А Лукавна, посмотрев на сына и потерпев могущественное поражение, сдулась, пошла куда-то в поликлинику, где заговаривают страхи и зубную боль. Потом уехала в деревню, бросив городскую квартиру, и коротала век свой до начала трёх дней мрака (по ряду пророчеств, одно из последних апокалиптических бедствий) в деревенской келье, по ночам бухаясь на набухшие, как бы чужие колени и прося прощения грехов. И молитва срывалась с уст Сосипатрицы: «Увидеть бы его!»

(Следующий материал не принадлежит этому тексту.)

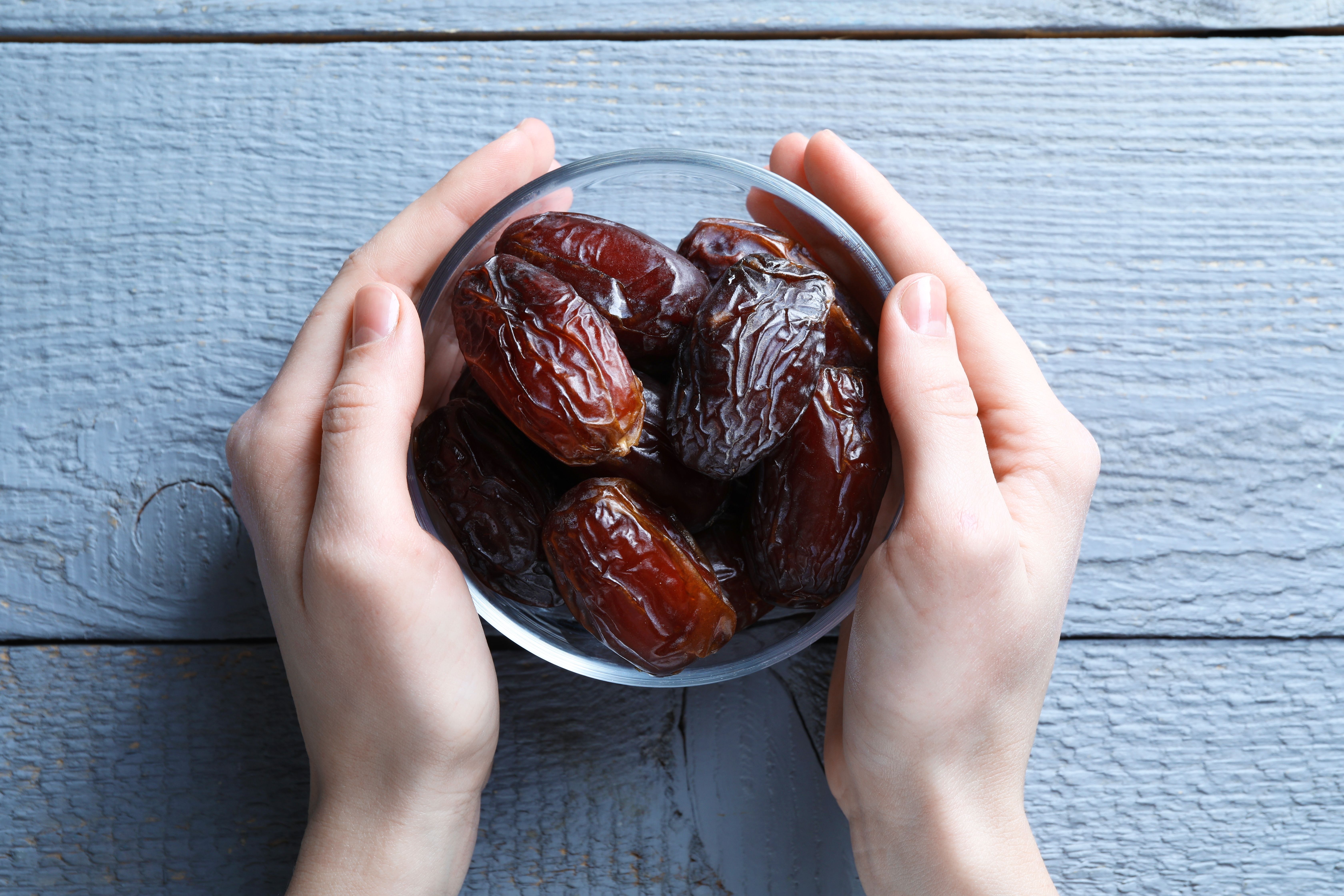 Calories in Medjool Dates - Nutrition Information & More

Сосипатр услышал по неслышимому эфиру, как рыдает мама, приехал к ней на бричке. Привез манны сокровенной, перепелов, с неба упавших, солнечного света прихватил краюху, и кафтан (не целлофановый — всамделишный, из чистого золота добродетелей). И уж как радовались вместе за трапезой ненасытной, уж как Лукавна счастлива была! Одно только, бывало, Лукавна просит у сына: «Уж ты мне, ненаглядненький, имя какое другое дай!»
И как имя ей Христово дали, так и преставилась — царство ей небесное, упокоившись от сей жизни бредового сна и от всех её перипетий. И уже тебе ни помыслов принимать, ни больных подмывать, и судомойкой не быть, чтобы живой святой стать; и свечки по ночам не зажигать. Упокоилась Лукавна Сосипатровна (в схиме Фенодора Амфилоповна Триликая-Триипостасная).
Сосипатр тоже имя поменял. Нарекли его Папой Григорием Двоесловом, по имени автора литургии. И ударился Григорий по монастырям. Ставил матери на вечное поминовение, с детьми странствовал по кладбищам; полюбил свечную молитву по ночам (читал акафист матери, составленный ещё при жизни). По вечерам ходил к марихуанщикам, покупал им чашку кофе и плакал с ними вместе. А когда местный крестный отец Выпучи-Глаз на него было взъелся и полез откуда-то, как змей-горыныч из-под горы, Папа Григорий Двоеслов взял бенедиктовский экзорцический крест, прочел молитву против бесов, прибавил ещё пару молитв из другого молитвенника — и привидение исчезло, будто не бывало, а кайфующая братия обратилась в веру.